A data selection funnel was created, narrowing scientific branches down to a
list of indicators in three steps. Each of these steps has its own criteria
designed to:

• Select scientific branches with the highest potential to find results in the
literature reviews

• Derive indicators that can observe the diffusion

• Select indicators that can predict the start of large-scale diffusion   The
last step of the data selection funnel, selecting the indicators which can
actually predict, was carried out with the support of three researchers. Eight
criteria were used to select the most potential indicators: (i) Prediction,
(ii) Timeliness of prediction, (iii) Availability of data, (iv) Cost of data,
(v) Quantifiable& Objectivity, (vi) Empirical proof, (vii)
Generalizability, (viii)Simplicity. The researchers were asked to evaluate the
indicators according to the criteria (i) and (vi) as part of the scientific
quality gate selecting the most potential indicators. After the indicators have
been evaluated, a sensitivity analysis has been performed to improve the
robustness of the selection mechanisms and to rule out an arbitrary selection
of the indicators.
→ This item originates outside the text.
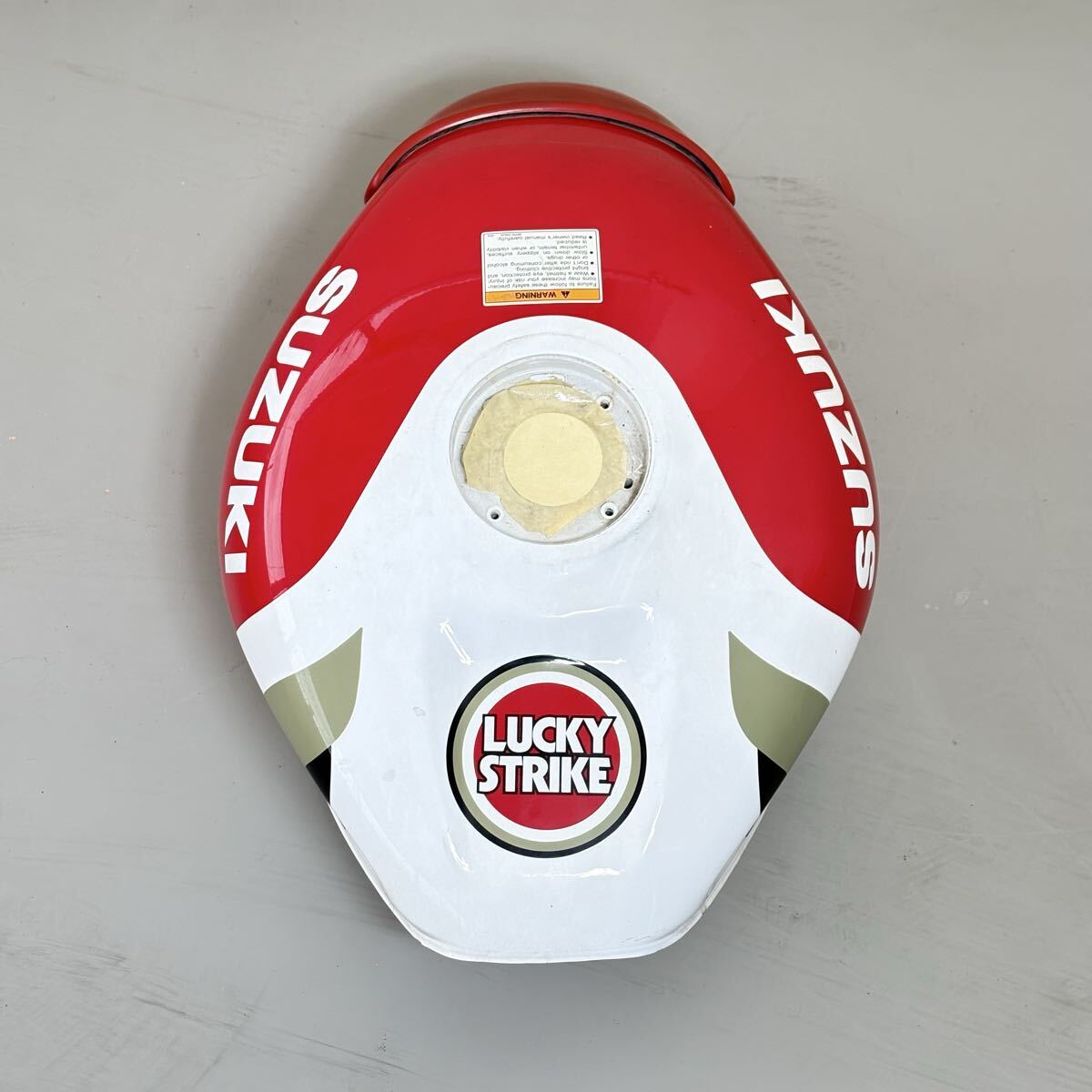 お洒落/英国製！◇80's-90's TEAM LUCKY STRIKE SUZUKI 綿100地 半袖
Out of 50 indicators found in the literature or derived from
the literature, 38 indicators were selected according to the selection
mechanism. These 38 indicators have been split into two sets of judgemental and
non-judgemental indicators to prepare the design of the forecasting approach.  
The forecasting approach aims to guide a user towards the correct forecasting
technique given an innovation and situation. Five forecasting techniques were
found to befitting the: (i) assumptions-based modelling, (ii) Delphi method,
(iii)analogous forecasting, (iv) time series & regression models, and
(v)artificial neural networks. However, each of the five forecasting techniques
have disadvantages that can be overcome by one of the other methods. Hence, the
forecasting approach has two stages. First, the user is guided towards the
primary method and subsequently towards an additional method overcoming the
disadvantages of the first method and improving the overall reliability of the
forecast. For each method, a set of indicators is recommended.   Once the
forecasting approach has been developed, the completeness of indicators has
been checked by using Ortt & Kamp’s 14 factors influencing the
pre-diffusion phase. Additionally, four validation interviews applying the
research on green hydrogen have been performed to let external actors reflect.
These validation interviews formed the practical quality gate forging a bridge
to the earlier mentioned scientific quality gate.